§ TASK DETAILS: Below are some records. Return exactly their lines from the one containing "ну что поступила уже?" through the one containing "Live Music in", and drop the pictures.

BEGIN

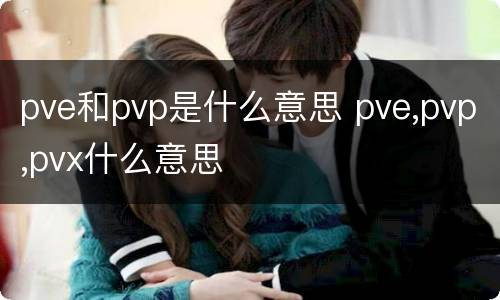 pve和pvp是什么意思 pve,pvp,pvx什么意思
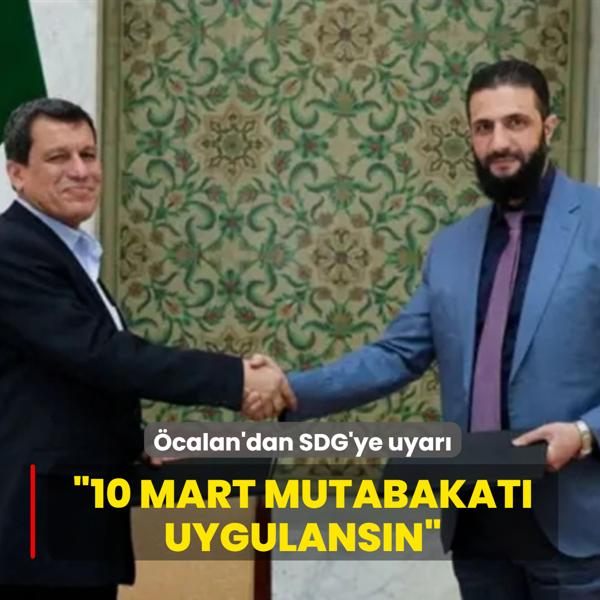 �calan�dan SDG'ye �10 Mart Mutabakat� uygulans�n' uyar�s�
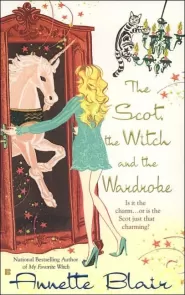 The Scot, the Witch and the Wardrobe (Accidental Witch Trilogy #3)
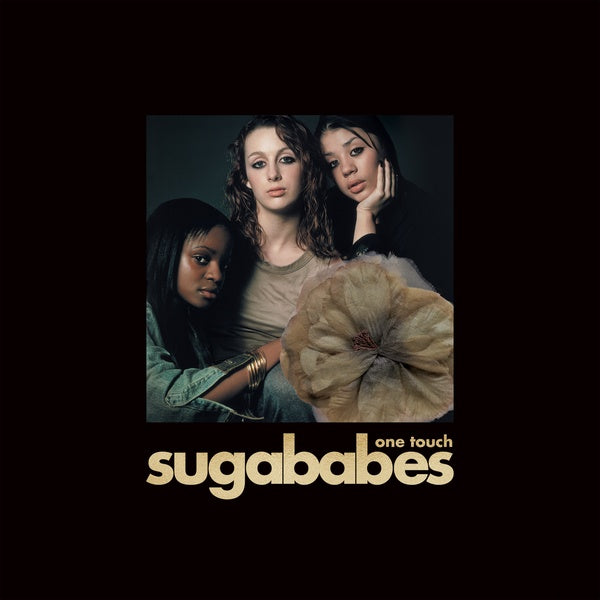 SUGABABES - One Touch (20 Year Anniversary Edition) - CD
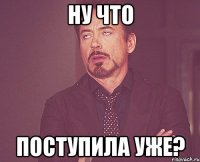 ну что поступила уже?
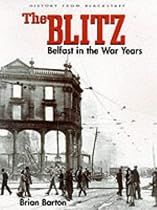 The Blitz: Belfast in the War Years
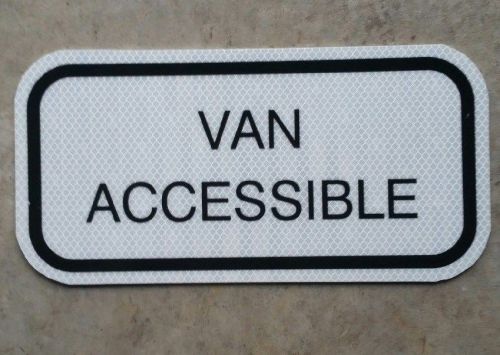 Van accessible aluminum sign white hi intensity prismatic reflective 6&#034; x 12&#034; for sale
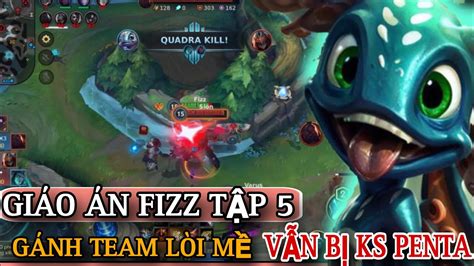 Giáo án fizz tập 5 Gánh team lòi mề đồng đội vẫn cướp pentaa YouTube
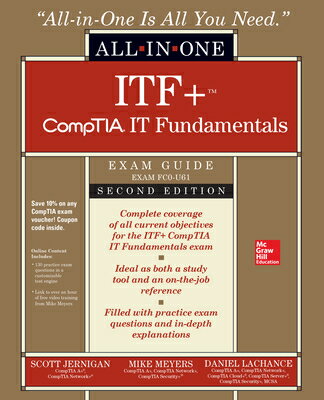 Itf Comptia It Fundamentals All-In-One Exam Guide, Second Edition (Exam Fc0-U61) ITF COMPTIA IT FUNDAMENTALS A Mike Meyers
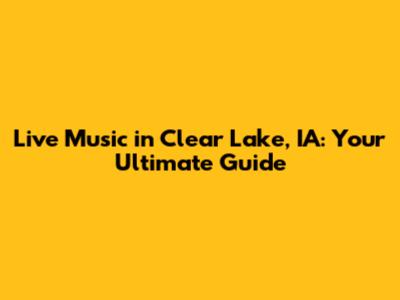 Live Music in Clear Lake, IA: Your Ultimate Guide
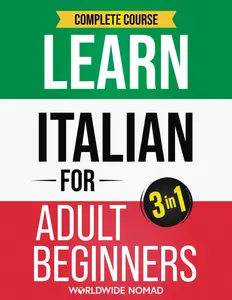 The Complete Learn Italian For Adult Beginners Book (3 In 1): Master Reading, Writing, and Speaking Italian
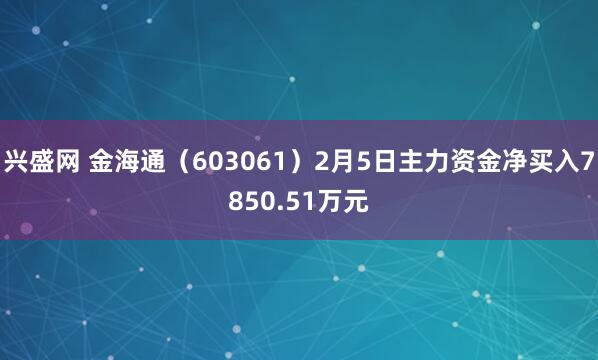 兴盛网 金海通（603061）2月5日主力资金净买入7850.51万元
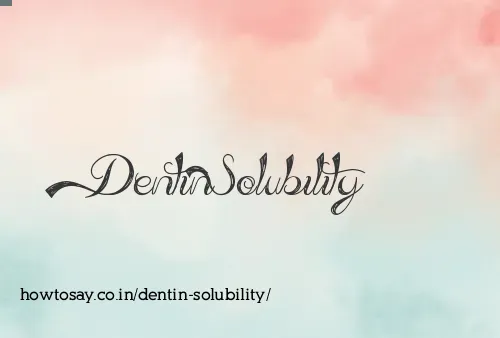 Dentin Solubility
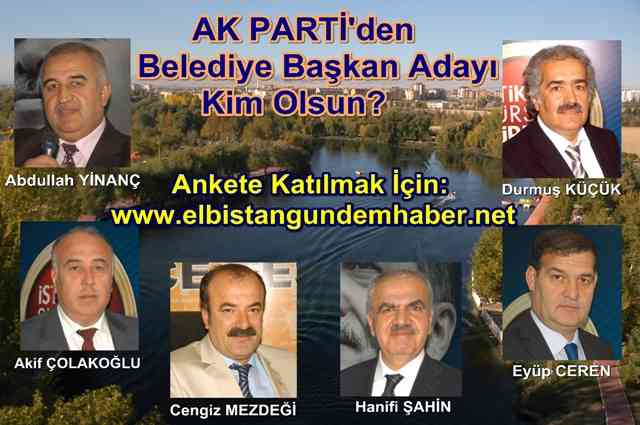 AK Parti Elbistan Bld. Bşk. Adayını Siz Seçin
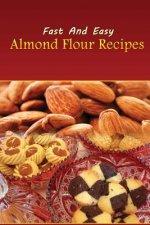 Fast And Easy Almond Flour Recipes: An Low Carb Alternative To Wheat Flour For A Healthy Natural Diet
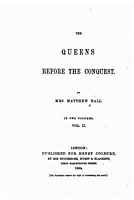 The Queens Before the Conquest - Vol. II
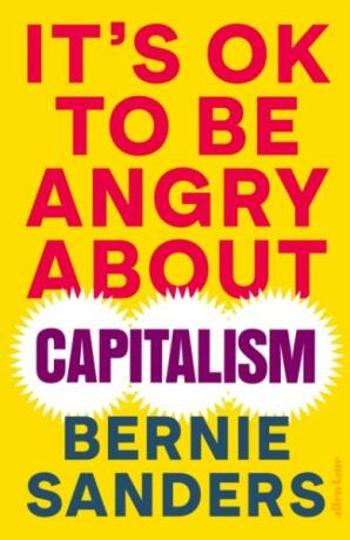 It's OK To Be Angry About Capitalism - Bernie Sanders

END

§ EXERCISE SOLUTION:
 ну что поступила уже?
 The Blitz: Belfast in the War Years
 Van accessible aluminum sign white hi intensity prismatic reflective 6&#034; x 12&#034; for sale
 Giáo án fizz tập 5 Gánh team lòi mề đồng đội vẫn cướp pentaa YouTube
 Itf Comptia It Fundamentals All-In-One Exam Guide, Second Edition (Exam Fc0-U61) ITF COMPTIA IT FUNDAMENTALS A Mike Meyers
 Live Music in Clear Lake, IA: Your Ultimate Guide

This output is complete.